Metadata-Version: 2.1
Name: hybrid_index
Version: 0.0.8
Summary: Easy to use hybrid index for semantic + keyword search
Home-page: https://github.com/gigagiova/hybrid-index
Author: Giovanni del Gallo
Author-email: giovanni@livesey.ai
License: MIT
Classifier: License :: OSI Approved :: MIT License
Classifier: Programming Language :: Python :: 3.10
Classifier: Operating System :: OS Independent
Requires-Python: >=3.10
Description-Content-Type: text/markdown
Provides-Extra: dev

# 🌌 HybridIndex 
HybridIndex is an easy to use Python library that lets you add a **retrieval engine** in your AI apps.

It uses and **hybrid search** (semantic + keyword) that outperforms both semantic search and keyword search individually.
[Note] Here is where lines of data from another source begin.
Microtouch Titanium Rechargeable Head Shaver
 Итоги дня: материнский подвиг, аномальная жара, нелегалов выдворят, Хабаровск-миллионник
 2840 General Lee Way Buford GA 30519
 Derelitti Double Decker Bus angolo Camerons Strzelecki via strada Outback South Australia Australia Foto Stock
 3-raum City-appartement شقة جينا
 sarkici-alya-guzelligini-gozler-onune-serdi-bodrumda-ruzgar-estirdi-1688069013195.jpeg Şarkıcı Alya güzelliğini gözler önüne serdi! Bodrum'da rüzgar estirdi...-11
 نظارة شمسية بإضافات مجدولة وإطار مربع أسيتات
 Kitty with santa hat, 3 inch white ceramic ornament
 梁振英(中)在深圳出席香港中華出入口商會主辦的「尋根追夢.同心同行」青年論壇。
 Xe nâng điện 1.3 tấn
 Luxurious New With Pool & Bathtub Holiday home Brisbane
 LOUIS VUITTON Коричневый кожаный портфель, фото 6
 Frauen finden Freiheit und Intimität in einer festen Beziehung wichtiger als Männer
With HybridIndex, you can build LLM-powered apps without the headaches of maintaining your own retrieval engine, while **outperforming** the current alternatives and being **free** to use.

<br>

# 📥 Installation

`pip install hybrid-index`

# 📙 Usage

To use the index, first create a new instance and provide it with a **name** and an **openai key** (to embed the documents).
```python
from hybrid_index import HybridIndex

index = HybridIndex('name', 'your-openai-key')
```


Then, we can start adding documents to the index. Each document in the list is a tuple containing an id (can be whatever you want, but keep it unique) and the document body:

```python
await index.add([
('a1', 'The sun rises in the east and sets in the west.'), 
('a2', 'Elephants are the largest land animals on Earth.'), 
('a3', 'Water boils at 100 degrees Celsius.'),
('a4', 'The capital of France is Paris.'),
('a5', 'The Great Wall of China is a famous landmark.')
])
```

Finally, we can **search** the index specifying the query and the number of results to retrieve (in our case 3):

```python
results = await index.query('What are the largest land animals on Earth?', 3)
```

The above code returns a list of the top 3 ids **ordered by similarity**:

```python
['a2', 'a4', 'a1']
```

The index can be serialized and deserialized (so that it can be saved) using pickle:
```python
pickled_index = index.serialize()

# After closing the session and saving the pickled index, we can load it back and rebuild the index

index2 = HybridIndex.deserialize(pickled_index, 'your-openai-key')
```

For security purposes your openai key is not pickled alongside your index, so it must be re-entered at deserialization time.

<br>

# ⚙️ How it works

This index uses a technique called **hybrid search** that aims to solve the shortcomings of semantic search (that is uncapable to find relevant keywords) and keyword search (that does not understand the meaning of the documents and query).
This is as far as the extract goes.